Geography of Nauru
 Location: Oceania, island in the South Pacific Ocean, south of the Marshall Islands
Geographic coordinates: 0 32 S, 166 55 E
Area: total: 21 sq km; land: 21 sq km; water: 0 sq km
Land boundaries: 0 km
Coastline: 30 km
Maritime claims: territorial sea: 12 nm
contiguous zone: 24 nm
exclusive economic zone: 200 nm
Climate: tropical with a monsoonal pattern; rainy season (November to February)

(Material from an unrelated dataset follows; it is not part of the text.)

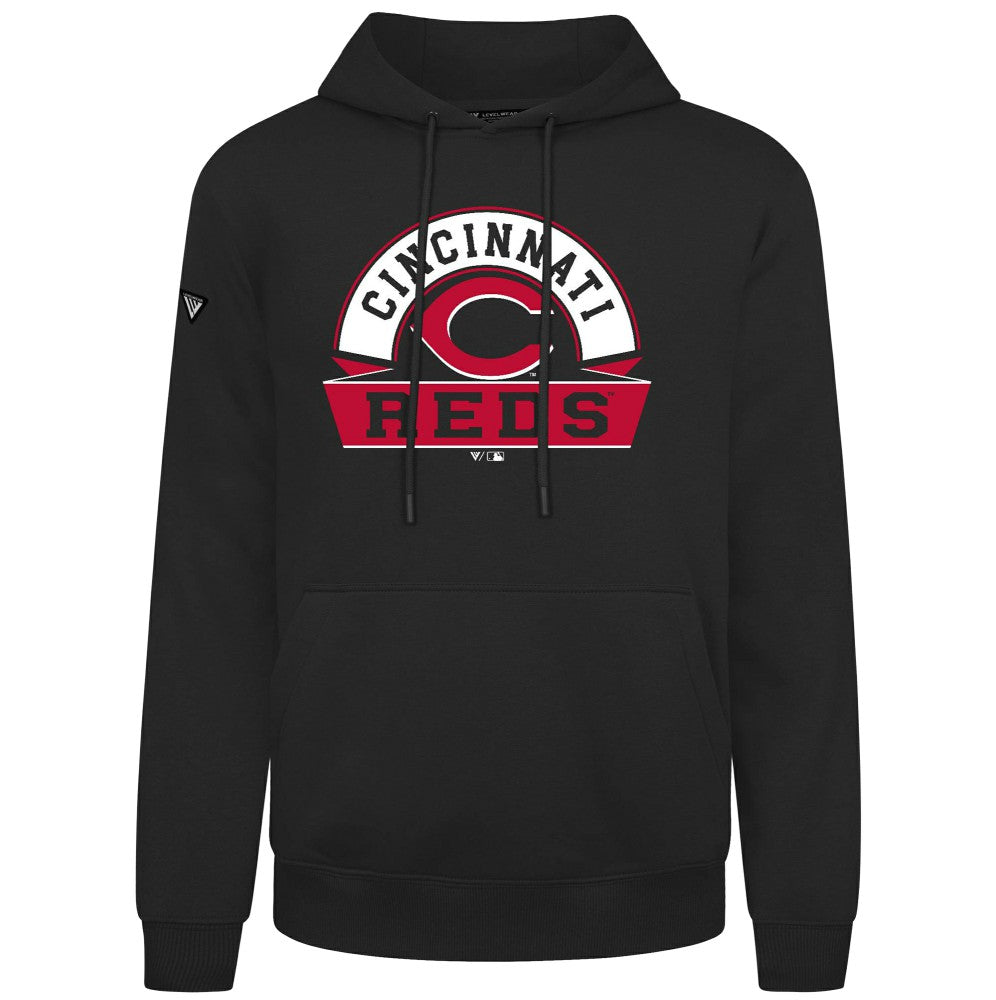 Cincinnati Reds Levelwear Podium Banner Arch Hoodie - MLB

Terrain: sandy beach rises to fertile ring around raised coral reefs with phosphate plateau in center
Elevation extremes: lowest point: Pacific Ocean 0 m
highest point: unnamed elevation along plateau rim 61 m
Natural resources: phosphates, fish
Land use: arable land: 0%; permanent crops: 0%; other: 100% (2005)
Irrigated land: NA
Natural hazards: periodic droughts
Environment - current issues: limited natural fresh water resources, roof storage tanks collect rainwater but mostly dependent on a single, aging desalination plant; intensive phosphate mining during the past 90 years - mainly by a UK, Australia, and NZ consortium - has left the central 90% of Nauru a wasteland and threatens limited remaining land resources
Environment - international agreements: party to: Biodiversity, Climate Change, Climate Change-Kyoto Protocol, Desertification, Hazardous Wastes, Law of the Sea, Marine Dumping, Ozone Layer Protection, Whaling
signed, but not ratified: none of the selected agreements
Geography - note: Nauru is one of the three great phosphate rock islands in the Pacific Ocean - the others are Banaba (Ocean Island) in Kiribati and Makatea in French Polynesia; only 53 km south of Equator.